Non-rigid Shape Modeling and Tracking by Factorization in Stereo-Motion
Tracking the object and recovering its 3D shape (especially non-rigid shape) from sequences of images is a fundamental problem in computer vision community, they have various applications such as scene modeling, robot navigation, object recognition and virtualized reality. Traditionally there exist two vision-based methods for 3-D reconstruction: visual motion [Ullman79] and stereo vision [Dhond89]. Visual motion, also called structure from motion, is inherently to recover 3D information from an image sequence acquired under a relative motion between the camera and the object. Stereo vision (structure from stereo) is to estimate 3D structure by triangulation from two widely displaced views of the same object. Both methods depend on how to solve the notorious correspondence problem.
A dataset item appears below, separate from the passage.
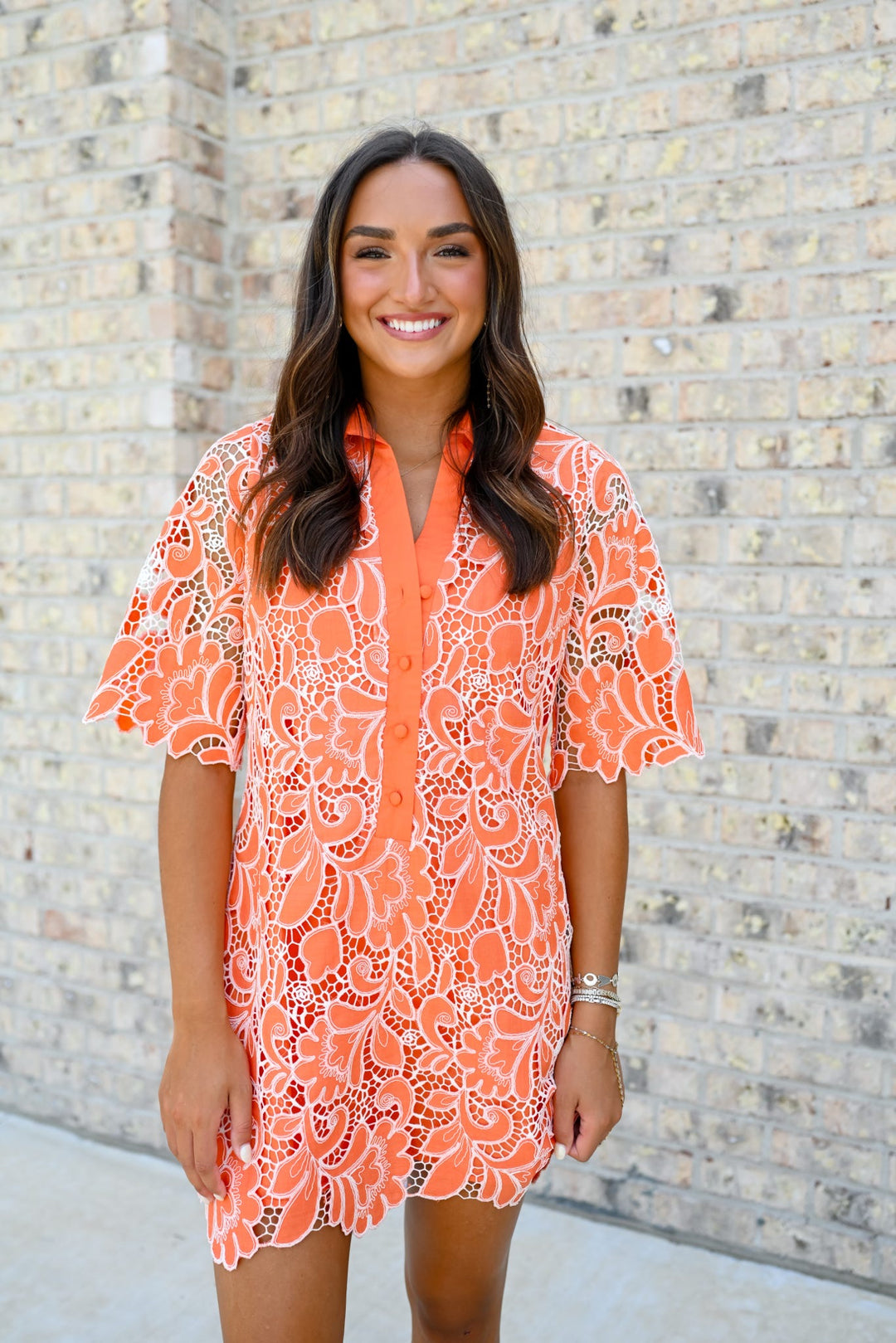Citrus Lace Placket Dress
In structure from motion, Tomasi and Kanade [Tomasi92] proposed one of the most influential approaches as the factorization method for rigid objects and orthographic projection. Many extensions have been put forward: Poelman and Kanade [Poelman94] extended it to para-perspective or affine camera, Triggs [Triggs96] tried to generalize this technique for a full perspective, sequential versions were given in [Morita97] [Fujiki00], utilization of various features in factorization could be found in [Morris98] [Quan97] [Ma98] [Ke01]; Costeira and Kanade relaxed the rigidity constraints in a multi-body factorization method [Costeria98], Han and Kanade [Han00] proposed a similar method for linearly moving objects where the camera intrinsic parameters are required in advance, but soon they extended it to uncalibrated views [Han01]; Irani and Anandan [Irani00] proposed a good method to covariance-weighted factorization, which factor noisy feature correspondences with high degree of directional uncertainty into the structure and motion.
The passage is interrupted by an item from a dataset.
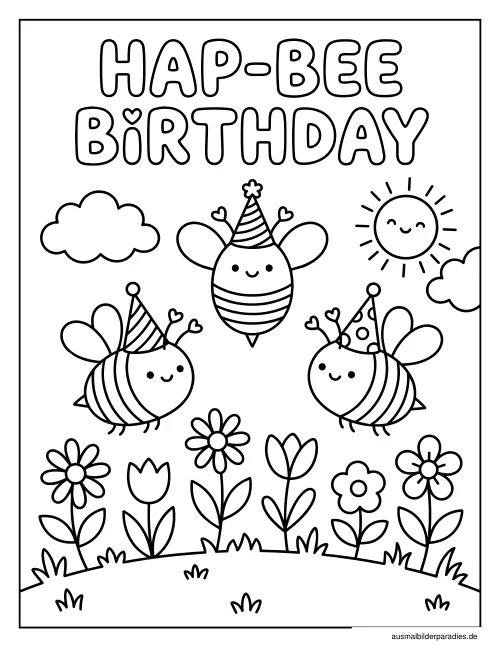 Geburtstag Ausmalbild 26 als Gratis-PDF Geburtstag Ausmalbild 26 - kostenlos zum Ausdrucken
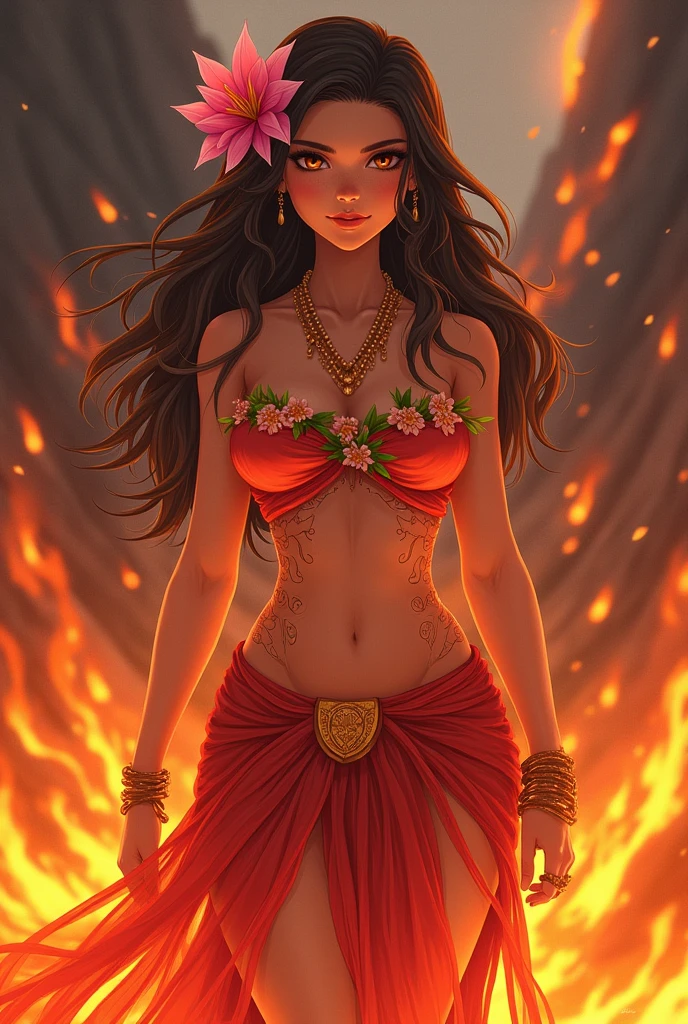 {a hawaiian goddess} {fire colored hawaiian clothes} {a pink flower in her hair} {more details of lava on his body} {brunette skin} {brown eyes and long hair} {lava-colored open skirt} {アニメ} {details of lava veins on his body}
Previously 3D non-rigid motion and structure recovery is based on some assumptions about the scene, for example in the form of a deformable model [Pentland91] [Metaxas93] or the assumption that the motion minimizes the deviation from a rigid body motion [Ullman84], See [Penna94] for a survey of monocular non-rigid motion estimation. Zhou and Kambhamettu [Zhou00] used an extended super-quadrics as global motion models to recover structure and non-rigid motion of elastic objects such as human faces. The object is segmented into many small areas assumed to undergo similar non-rigid motion and local analysis is performed to recover small details for each small area. Bregler et. al [Bregler00] [Torresani01] [Torresani02] proposed a first framework for 3D reconstruction of non-rigid or deformable objects based on factorization. Shortly afterwards Brand [Brand01a] [Brand01b] proposed a flexible factorization approach which minimizes the deformations relative to the mean shape by introducing an optimal correction matrix.
Researchers have tackled this topic of augmenting "structure from motion" with stereo information. Some work are feature-based, the other are called "the direct method" using the spatial and temporal image gradient information. The problem is how to fully utilize the redundant information in the stereo-motion analysis, but practically the more important issue would be how to make the two basic cues incorporate with each other.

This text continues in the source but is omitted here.